A INFRAERO, por ser ente da Administração indireta da UNIÃO (empresa pública de direito privado, prestadora de serviços públicos), responde pelos danos que causar a seus usuários, na forma do Artigo 37, § 6º da Constituição da República Federativa do Brasil:
Art. 37. A administração pública direta e indireta de qualquer dos Poderes da União, dos Estados, do Distrito Federal e dos Municípios obedecerá aos princípios de legalidade, impessoalidade, moralidade, publicidade e eficiência e, também, ao seguinte:
§ 6º – As pessoas jurídicas de direito público e as de direito privado prestadoras de serviços públicos responderão pelos danos que seus agentes, nessa qualidade, causarem a terceiros, assegurado o direito de regresso contra o responsável nos casos de dolo ou culpa.
Em resumo, o Estado (Infraero) fica obrigado a reparar os danos em todas as suas espécies (moral, material – lucros cessantes e danos emergentes -, perda de oportunidade), caso a negativação de um usuário cause estes danos.
Doravante, o Operador AIS passa a ficar muito mais exposto, pois se em função de sua culpa (imperícia, imprudência ou negligência) este causar o dano e a Infraero vier a ser condenada a pagamento de verbas indenizatórias, pode a Administração Pública demandar contra o empregado e exercer seu “direito de regresso” (37, § 6º, in fine) e cobrar do empregado o montante pago ao usuário.
9.CONSIDERAÇÕES FINAIS
Com o presente estudo, verifica-se que a ANAC possui poder de polícia administrativa, dotada do poder discricionário regulador para emitir normas que visem a complementar e suplementar as lacunas da lei, visando sempre ao interesse público, para intervir tecnicamente no mercado.
Ao inovar e criar atribuições atípicas a outros agentes públicos – sem que um Edital de Concurso Público vincule esta possibilidade – e, ao legislar sobre atividades e procedimentos relacionados com o Sistema de Controle do Espaço Aéreo (SISCEAB), estando legalmente impedida e sem que a Lei de criação da ANAC lhe conferisse estes poderes, a ANAC comete excesso de competência.
Em contrapartida, o DECEA também excede sua competência ao atribuir funções de fiscalização (poder de polícia administrativa, regulação de infraestrutura aeronáutica e safety), típicas dos Técnicos em Regulação da ANAC, sem que o CBA forneça essa autoridade ao Comando da Aeronáutica e sem que o Decreto criador do DECEA lhe delegue tais poderes.
Em ambos os casos, a edição de Resolução, ou ICA, é um expresso excesso de competência – vício de origem que causa nulidade.
Por conseguinte, sob a ótica do consagrado princípio trabalhista da Primazia da Realidade (em Detrimento da Forma), o que ocorre, de fato, é que os Operadores AIS cumprem o estabelecido pelas normas do DECEA, e são impelidos a fiscalizarem e verificarem a regularidade de aeronaves e pilotos, ou seja, agem em desvio de função, sem que haja equiparação salarial com os Fiscais da ANAC. Diante deste desvio de função, salvo entendimento judicial em contrário, são devidas verbas indenizatórias aos Operadores AIS para compatibilizar a diferença salarial ANAC x Infraero, sob pena de enriquecimento ilícito da Administração Pública à custa do empregado.
Há de se destacar que o judiciário não intervém em ações discricionárias da Administração.
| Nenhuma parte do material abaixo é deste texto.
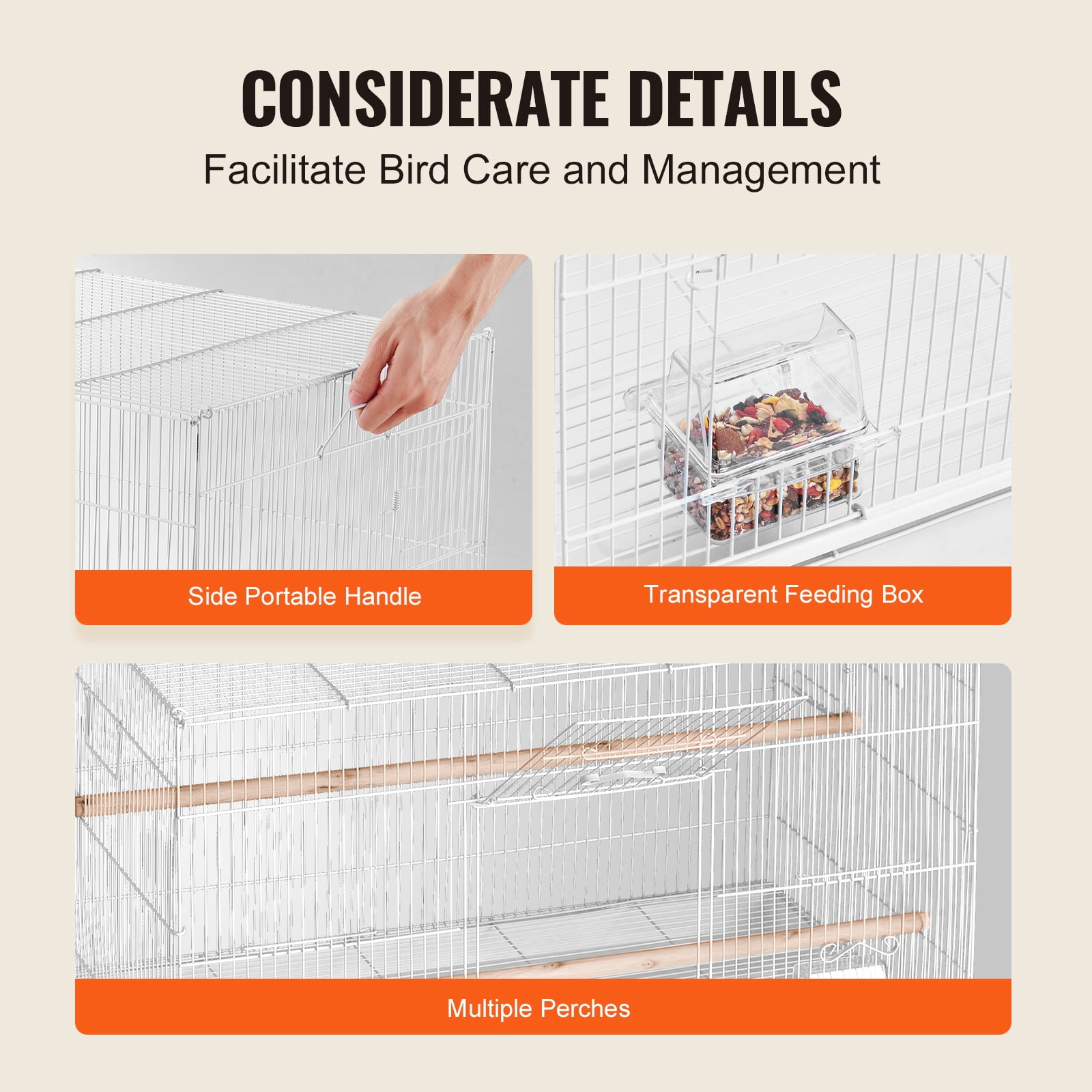 KFFKFF 30"x18" White Bird Cage, Compact Metal Parakeet Enclosure with Perches & Food Containers for Small Birds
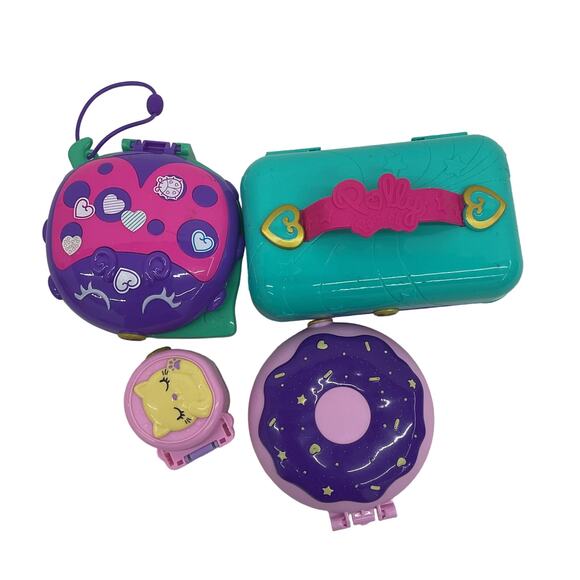 Used Polly Pocket Play Set LOT Cases Compacts Doughnut Shaped - Picture 1 of 5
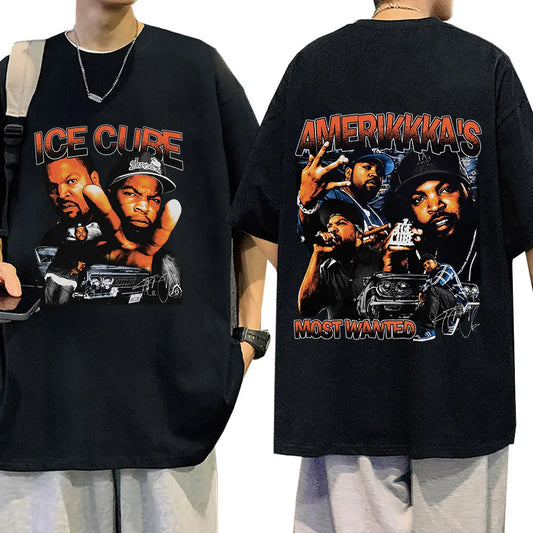 90s rapper cubo de gelo amerikkka mais queria camiseta masculina moda vintage harajuku t camisa 100% algodão casual camiseta oversized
Ocorre, contudo que os atos eivados de nulidade podem ser desconstituídos por meio judicial e os efeitos da nulidade podem retroagir para reparação de danos. A jurisprudência brasileira é farta em decisões neste sentido.
Em suma, o presente estudo, verifica que essas nulidades e estes excessos podem ensejar danos aos usuários e consequente responsabilidade da Infraero, assim como um oneroso passivo trabalhista para a Estatal.